You might marvel that a 57-year-old’s gaze remains so directed at the navel, and below. But 12-year-old in a (very) outsized body has always been Davies’ shtick. I found the fixation on bums and willies a bit much in this latest offering, perhaps because it goes on so long. But if, after six decades, Davies’ sense of humour remains juvenilely self-absorbed, at least he has the good grace to acknowledge it, and the craft to often turn it to fine comic effect. See the “face full of new freckles” image-making that accompanies one anecdote about attempting to clean his “baggy bumhole”.

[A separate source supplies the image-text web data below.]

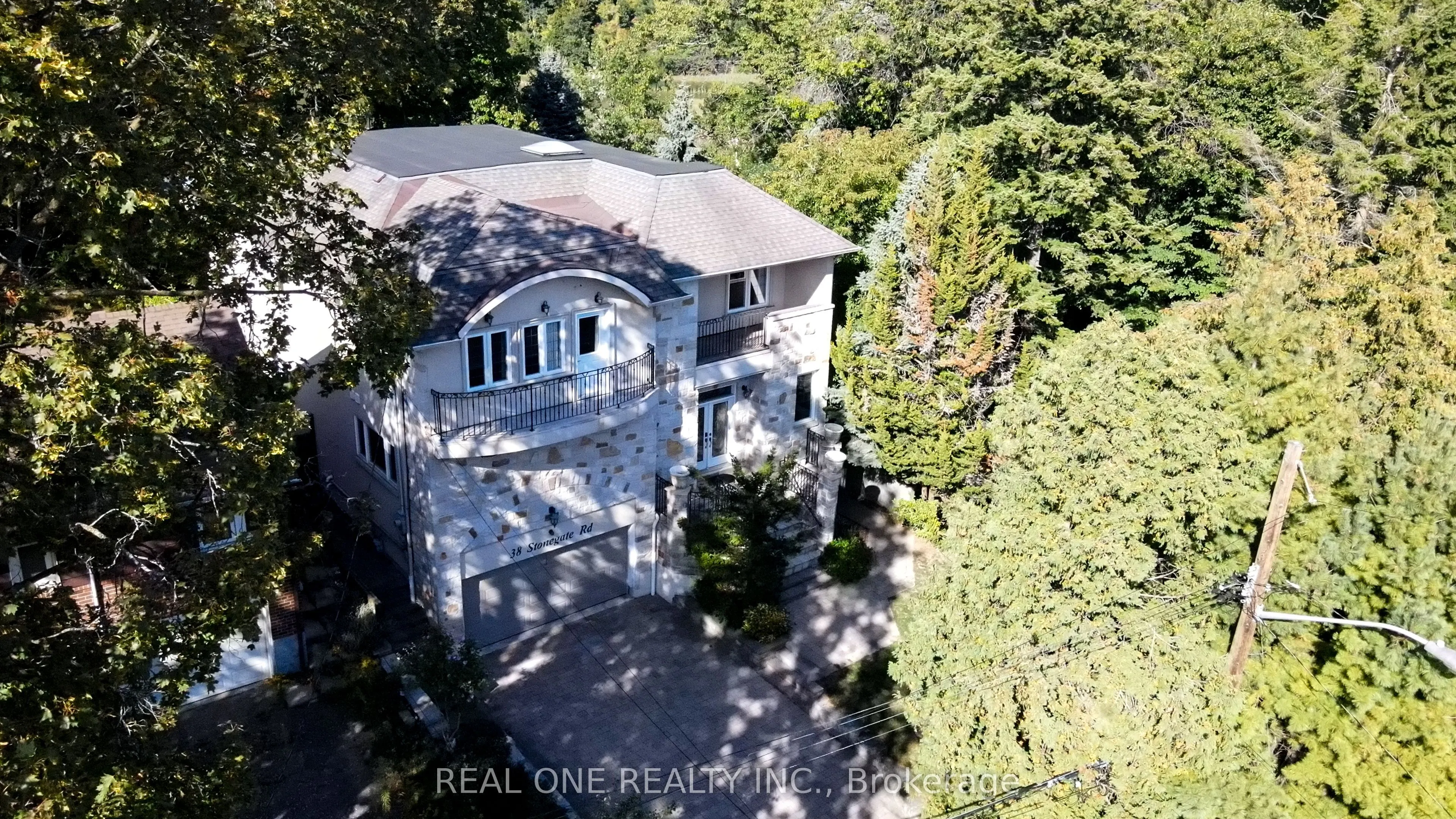 38 Stonegate Road
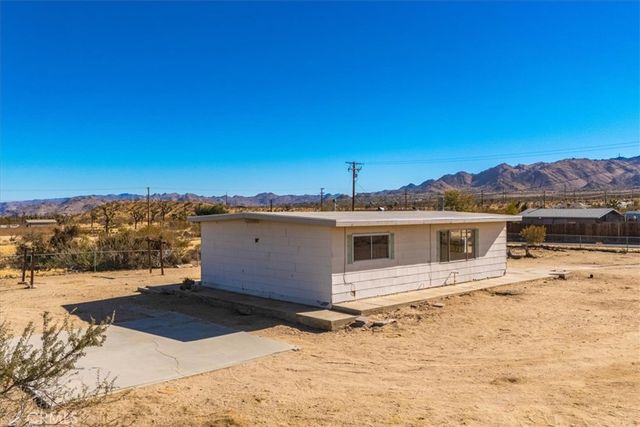 59200 Barron Drive, Yucca Valley, CA 92284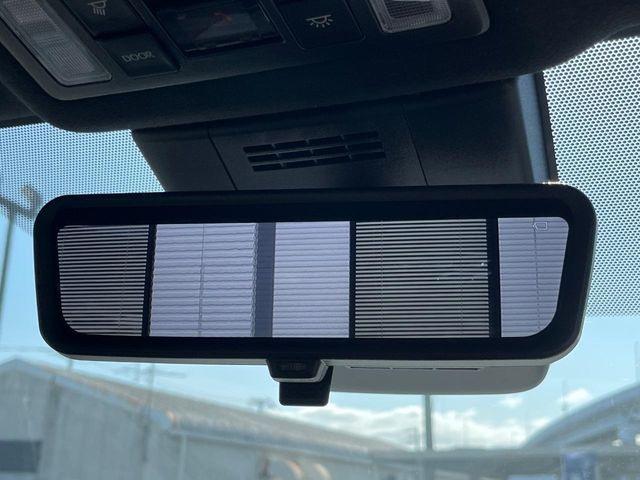 TOYOTA VOXY HYBRID 2022 Image 31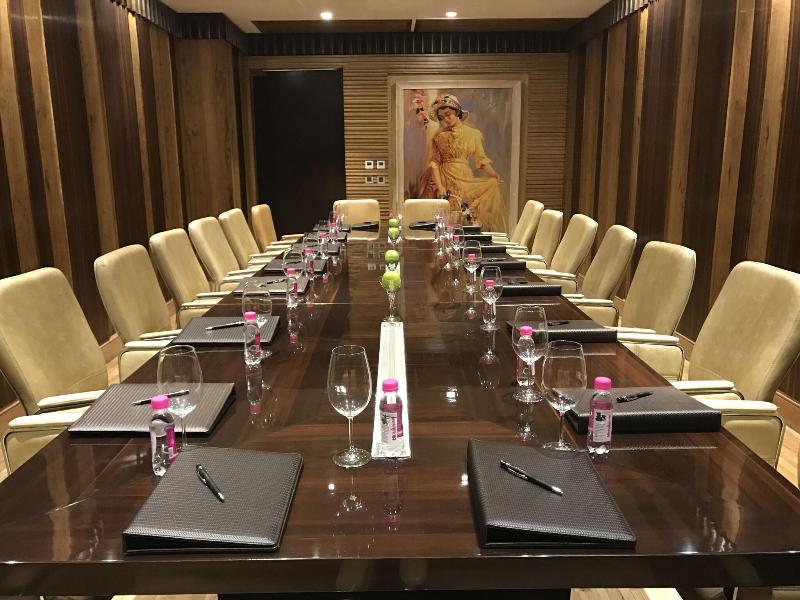 Seven Seas Hotel image
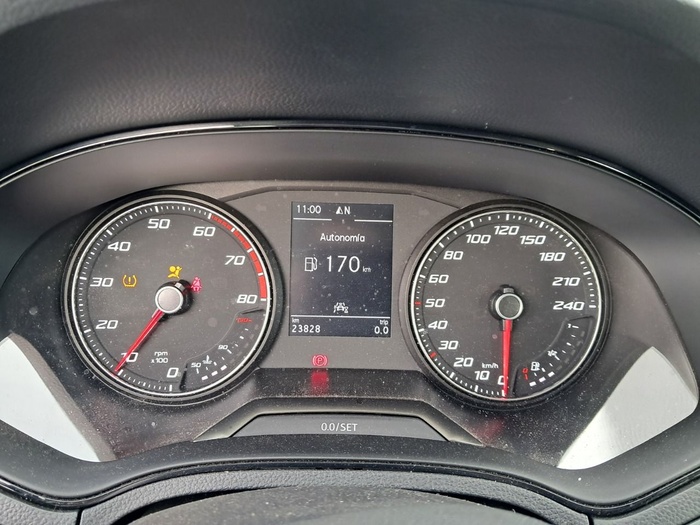 SEAT Arona 1.0 TSI Style Go2 81 kW (110 CV) Vehículo usado en Madrid SEAT Arona 1.0 TSI Style Go2 81 kW (110 CV) Vehículo usado en Madrid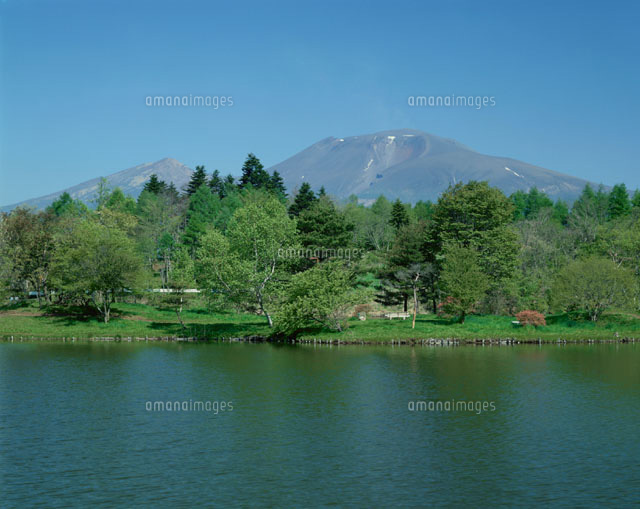 塩沢湖と浅間山 軽井沢 の写真素材 イラスト素材 アマナイメージズ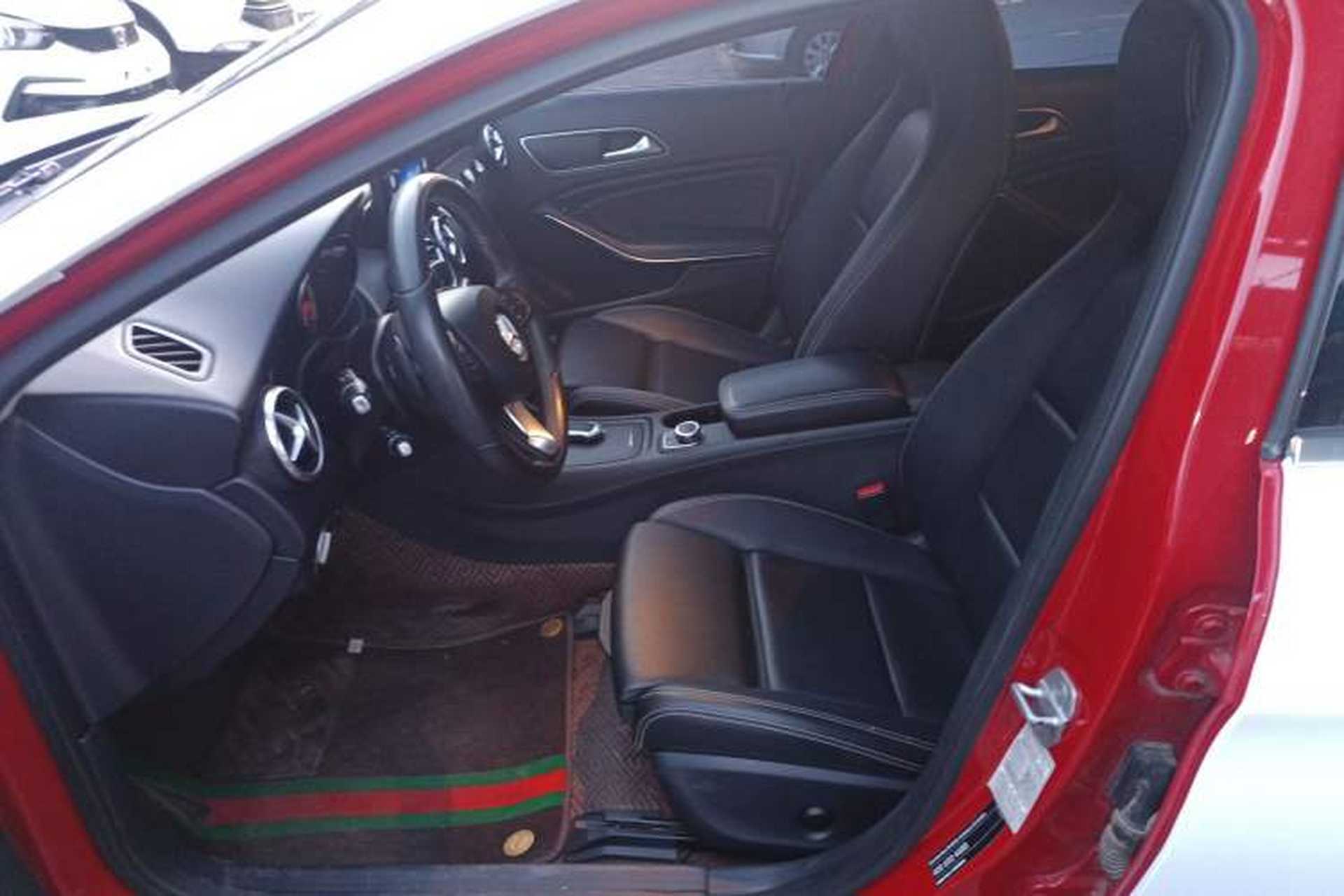 Used Mercedes-Benz GLA 2016 GLA 200 Sport Edition Left Front Seat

That’s one of several humiliating stories that demonstrate – according to Davies – that he’s not, in fact, a legend, but a complete chump instead. Others include tales of sleepless life with a swollen prostate, and of “dick-dialling” by accident a prominent government minister. We also get the explanation for why Davies turned out this way, with reference to the unreconstructed world of his youth (“It was a different time. It was an awful time”), when parental love was tough and sex education came via the Freemans lingerie catalogue.

A lot of that material feels familiar, but Davies brings great gusto to its revival. Along the way, a handful of stories (one about an eccentric Irish “animal handler”; another about Danny Dyer) de-centre Davies and his ostentatious puerility, which can come as a relief. It’s a show, finally, about one manchild’s struggle to get over himself, his neuroses and ego – and on this evidence, he still has some way to go.